Re: [PATCH v2] sched/task_group: Re-layout structure to reduce false sharing

From: Peter Zijlstra
Date: Tue Jun 27 2023 - 06:12:14 EST


On Mon, Jun 26, 2023 at 08:53:35PM +0800, Aaron Lu wrote:
> On Mon, Jun 26, 2023 at 03:52:17PM +0800, Chen Yu wrote:
> > Besides the cache line alignment, if the task is not a rt one,
> > why do we have to touch that, I wonder if the following change can avoid that:
> >
> > diff --git a/kernel/sched/sched.h b/kernel/sched/sched.h
> > index ec7b3e0a2b20..067f1310bad2 100644
> > --- a/kernel/sched/sched.h
> > +++ b/kernel/sched/sched.h
> > @@ -1958,8 +1958,10 @@ static inline void set_task_rq(struct task_struct *p, unsigned int cpu)
> > #endif
> >
> > #ifdef CONFIG_RT_GROUP_SCHED
> > - p->rt.rt_rq = tg->rt_rq[cpu];
> > - p->rt.parent = tg->rt_se[cpu];
> > + if (p->sched_class = &rt_sched_class) {
> == :-)
>
> > + p->rt.rt_rq = tg->rt_rq[cpu];
> > + p->rt.parent = tg->rt_se[cpu];
> > + }
> > #endif
> > }
>
> If a task starts life as a SCHED_NORMAL one and then after some time
> it's changed to a RT one, then during its next ttwu(), if it didn't
> migrate, then set_task_rq() will not be called and p->rt.rt_rq will
> keep as NULL which will cause problem when this task gets enqueued as
> a rt one.
>
> The follow diff seems to cure this issue:
>
> diff --git a/kernel/sched/core.c b/kernel/sched/core.c
> index c7db597e8175..8c57148e668c 100644
> --- a/kernel/sched/core.c
> +++ b/kernel/sched/core.c
> @@ -7801,6 +7801,20 @@ static int __sched_setscheduler(struct task_struct *p,
> }
> __setscheduler_uclamp(p, attr);
>
> +#ifdef CONFIG_RT_GROUP_SCHED
> + /*
> + * Make sure when this task becomes a rt one,
> + * its rt fields have valid value.
> + */
> + if (rt_prio(newprio)) {
> + struct task_group *tg = task_group(p);
> + int cpu = cpu_of(rq);
> +
> + p->rt.rt_rq = tg->rt_rq[cpu];
> + p->rt.parent = tg->rt_se[cpu];
> + }
> +#endif
> +
> if (queued) {
> /*
> * We enqueue to tail when the priority of a task is
>
> But I'm not sure if it's worth the trouble.
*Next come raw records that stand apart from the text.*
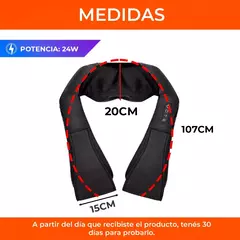 Masajeador Eléctrico Shiatsu Multifunción – Cervical, Hombros, Piernas y Más en internet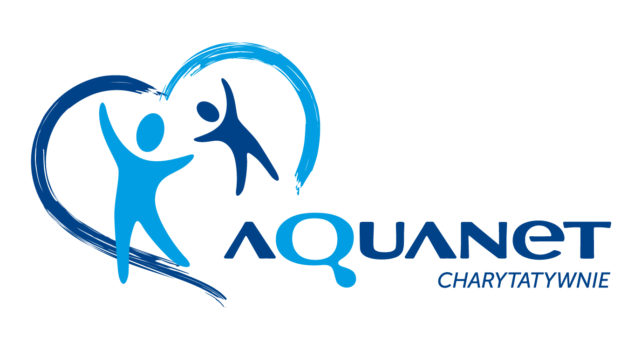 Logo Aquanetu dotyczące działań charytatywnych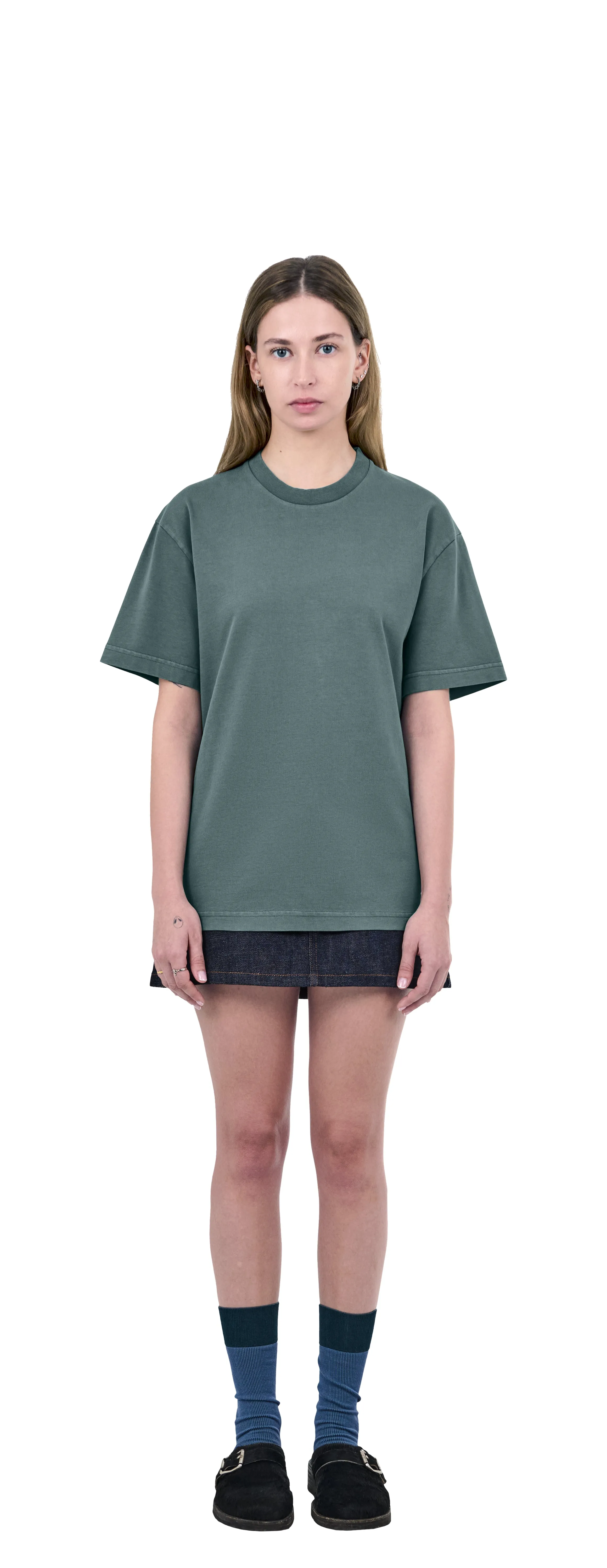 Boxy T-Shirt, Shadow Leaf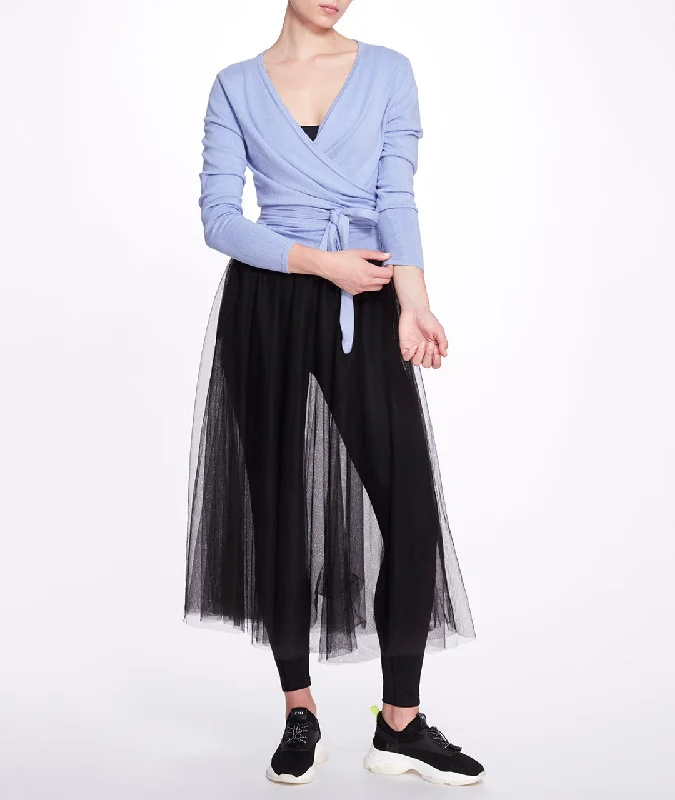 Crop Yoga Tops for Women -Anne Wrap Sweater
Not sufficient, you can become RT through PI and not pass
__sched_setscheduler().

The common code-path in this case would be check_class_changed(), that's
called for oth PI and __sched_setscheduler().

Anyway, not against this per-se, but RT_GROUP_SCHED is utter shite and
nobody should be using it. Also, if there's no measurable performance
gain (as stated elsewhere IIRC) we shouldn't be adding complexity.